[[ ENTRIES PROVIDED open ]]
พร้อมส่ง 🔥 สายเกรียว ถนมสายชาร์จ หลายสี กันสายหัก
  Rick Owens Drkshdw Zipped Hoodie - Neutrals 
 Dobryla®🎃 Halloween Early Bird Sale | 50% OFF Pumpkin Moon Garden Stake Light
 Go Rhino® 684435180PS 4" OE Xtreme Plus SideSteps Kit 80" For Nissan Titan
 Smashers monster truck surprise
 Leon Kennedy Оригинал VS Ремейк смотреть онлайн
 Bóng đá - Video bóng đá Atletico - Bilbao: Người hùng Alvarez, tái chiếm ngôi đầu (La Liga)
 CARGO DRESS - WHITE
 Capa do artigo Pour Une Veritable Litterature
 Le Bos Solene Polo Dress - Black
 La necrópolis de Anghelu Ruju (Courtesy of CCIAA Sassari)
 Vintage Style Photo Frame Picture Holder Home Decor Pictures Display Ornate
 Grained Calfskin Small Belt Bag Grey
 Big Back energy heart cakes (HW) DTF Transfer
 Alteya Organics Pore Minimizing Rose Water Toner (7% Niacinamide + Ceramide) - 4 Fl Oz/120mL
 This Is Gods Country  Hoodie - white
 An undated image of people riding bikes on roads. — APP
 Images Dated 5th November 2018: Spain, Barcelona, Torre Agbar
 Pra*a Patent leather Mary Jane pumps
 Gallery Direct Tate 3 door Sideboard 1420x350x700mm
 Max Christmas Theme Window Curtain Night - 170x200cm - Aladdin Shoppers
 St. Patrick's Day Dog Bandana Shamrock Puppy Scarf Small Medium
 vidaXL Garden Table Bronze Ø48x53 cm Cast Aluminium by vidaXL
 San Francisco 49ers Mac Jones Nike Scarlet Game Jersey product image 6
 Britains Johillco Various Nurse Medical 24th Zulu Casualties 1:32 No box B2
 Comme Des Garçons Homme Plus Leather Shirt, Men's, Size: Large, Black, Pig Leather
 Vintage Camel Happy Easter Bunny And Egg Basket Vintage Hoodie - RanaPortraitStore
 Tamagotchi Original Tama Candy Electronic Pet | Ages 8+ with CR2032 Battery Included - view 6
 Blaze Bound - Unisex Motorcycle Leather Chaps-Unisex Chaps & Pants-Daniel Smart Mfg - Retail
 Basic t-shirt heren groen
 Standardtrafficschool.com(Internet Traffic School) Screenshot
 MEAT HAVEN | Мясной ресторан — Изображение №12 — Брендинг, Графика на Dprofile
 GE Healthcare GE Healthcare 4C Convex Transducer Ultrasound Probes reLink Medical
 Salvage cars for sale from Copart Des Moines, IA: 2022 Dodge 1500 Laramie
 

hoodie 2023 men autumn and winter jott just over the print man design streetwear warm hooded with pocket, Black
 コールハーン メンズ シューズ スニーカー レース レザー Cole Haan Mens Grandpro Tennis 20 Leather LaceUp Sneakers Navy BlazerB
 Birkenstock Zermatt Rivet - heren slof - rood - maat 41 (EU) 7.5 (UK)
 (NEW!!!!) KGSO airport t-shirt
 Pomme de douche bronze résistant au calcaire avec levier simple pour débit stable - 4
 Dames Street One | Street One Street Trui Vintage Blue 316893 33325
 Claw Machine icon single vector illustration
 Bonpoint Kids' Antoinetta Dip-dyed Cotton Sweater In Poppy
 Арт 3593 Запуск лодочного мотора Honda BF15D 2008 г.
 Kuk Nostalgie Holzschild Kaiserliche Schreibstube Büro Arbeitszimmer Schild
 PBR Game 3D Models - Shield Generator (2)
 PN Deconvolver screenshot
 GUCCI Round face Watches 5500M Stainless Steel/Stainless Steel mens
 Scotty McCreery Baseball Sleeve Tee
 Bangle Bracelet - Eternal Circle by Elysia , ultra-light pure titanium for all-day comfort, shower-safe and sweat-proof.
[[ ENTRIES PROVIDED closed ]]
TASK TO CARRY OUT -
An exact copy of the lines above, from the one containing "GE Healthcare GE" down to the one containing "(NEW!!!!) KGSO airport t-shirt" and including both, is the whole answer; retype it and nothing else.

TASK OUTPUT -
 GE Healthcare GE Healthcare 4C Convex Transducer Ultrasound Probes reLink Medical
 Salvage cars for sale from Copart Des Moines, IA: 2022 Dodge 1500 Laramie
 

hoodie 2023 men autumn and winter jott just over the print man design streetwear warm hooded with pocket, Black
 コールハーン メンズ シューズ スニーカー レース レザー Cole Haan Mens Grandpro Tennis 20 Leather LaceUp Sneakers Navy BlazerB
 Birkenstock Zermatt Rivet - heren slof - rood - maat 41 (EU) 7.5 (UK)
 (NEW!!!!) KGSO airport t-shirt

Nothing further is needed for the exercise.